In this blog series, I will describe what secure multiparty computation is, what it can be used for, how it works (to some extent), and more. My aim is for the majority of the content to be accessible to a general reader, with some of the material requiring some but hopefully not much technical background. I hope that I succeed in this task.
The setting of MPC is one where a number of distinct, yet connected, computing devices (or parties) wish to carry out a joint computation of some function, while preserving certain security properties in the face of adversarial behaviour. In order to be concrete, consider a group of friends – all working in the same industry – who wish to compute basic statistics on their salaries. They may wish to know the average salary for those with 0-2 years’ experience, 3-5 years’ experience, and greater than 5 years’ experience. This would enable them to understand if they are being underpaid, or in general where they are on the scale (don’t worry, no one thinks that they are overpaid). Until now, in order to carry out such a computation, they would have to provide this information to a trusted third party who would receive their information, compute the statistics, and send back the results. The basic idea of MPC is to enable a set of parties to carry out such a computation without any trusted party (because usually no such trusted party exists). We call such a process an “MPC protocol”.
The concept of MPC considers an adversarial setting, where some of the parties (or an external entity) try to “attack” the protocol. The aim of such an attack may be to learn private information (e.g., the salary of some of the participants) or to cause the result of the computation to be incorrect (e.g., that the average salary is some specific value, so that they can offer someone in the group a job and have them think that their offer is good). As such, two of the most basic security requirements for an MPC protocol are privacy and correctness. The privacy requirement states that nothing should be learned beyond what is absolutely necessary; more exactly, parties should learn the designated output and nothing else. The correctness requirement states that each party should receive its correct output. Therefore, the adversary must not be able to cause the result of the computation to be different from the function that the parties had set out to compute.
Secure multiparty computation can be used to solve a wide variety of problems, enabling the utilisation of data without compromising privacy. To take another example, consider the problem of comparing a person’s DNA against a database of cancer patients’ DNA, with the goal of finding if the person is in a high-risk group for a certain type of cancer. Such a task clearly has important health and societal benefits. However, a person’s DNA is highly sensitive, and should not be revealed to private organisations (see here for good reasons why). This dilemma can be solved by running a secure multiparty computation protocol that reveals only the category of cancer that the person’s DNA is close to (or none). In this example, the privacy requirement ensures that only the category of cancer is revealed, and nothing else about anyone’s DNA (neither the DNA of the person being checked nor the DNA of the patients in the database). Furthermore, the correctness requirement guarantees that a malicious party cannot change the result (e.g., make the person think that they are at risk of a type of cancer, and therefore need screening).

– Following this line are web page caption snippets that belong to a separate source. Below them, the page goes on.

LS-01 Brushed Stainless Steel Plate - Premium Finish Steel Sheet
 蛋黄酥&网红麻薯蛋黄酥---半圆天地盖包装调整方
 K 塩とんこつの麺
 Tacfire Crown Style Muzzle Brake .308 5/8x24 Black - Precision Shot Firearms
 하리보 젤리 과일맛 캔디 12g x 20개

Although relatively straightforward as a high-level notion, the devil is very much in the details. When considering the security guarantees of MPC, how can we actually formally state these requirements of privacy and correctness? What type of adversary are we protecting against, with what adversarial power? For example, do we assume that the adversary can run malicious code? Do we assume that the adversary controls any size subset of the parties or only up to a certain percentage? These questions and many more need to be addressed before we can really understand what MPC is. We will address all of these and much more in later posts.
I would like to conclude this first blog post in the series with an example of how it is possible to compute on information without revealing it. Consider a set of people who wish to compute the average of their salaries without revealing to anyone at all their personal salary. If you want a challenge, spend a few minutes thinking about how to do this before continuing. Now to the solution: we can number the parties from the first to last, in any arbitrary order. Then, the first party chooses a very large random number, adds their salary to the number, and forwards the result to the second party. The second party adds their salary to the value they received and forwards the result to the third, and so on to the end. The last party adds their salary and sends the final result to the first party. Finally, the first party subtracts the original large random number, and divides the result by the number of parties. This is the average (since it is just the sum of all salaries divided by the number of parties). In order to see why this preserves privacy, note that the large random number chosen by the first party hides its own salary and all intermediate sums of the salary (as long as it is large enough). Thus, no individual party sees anything but a large random number. Finally, the first party receives the sum of the salaries, but this is actually equivalent to the average (given the average, multiplying by the number of parties gives the sum of all salaries; thus, this reveals nothing more than the average). The result is that no party learned anything about anyone’s salary, but they still are able to learn the average. Magic! (Actually, I hate calling it magic; it’s just science.)
To complicate things a little, this protocol for computing the average is actually a great example of understanding the adversary. If there is at most one party who is corrupted, then indeed they can learn nothing. However, consider the case that the 3rd and 5th parties are corrupted. These two corrupted parties can collude to learn the 4th party’s input by subtracting the value sent by the 3rd party to the 4th from the value sent by the 4th party to the 5th. In addition, nothing prevents the first party from lying about the final result. As we will see in later blog posts, technically this means that the protocol is secure against a semi-honest adversary corrupting at most one party. For now, just enjoy the fact that no one learns anyone’s salary, but they can still compute the average.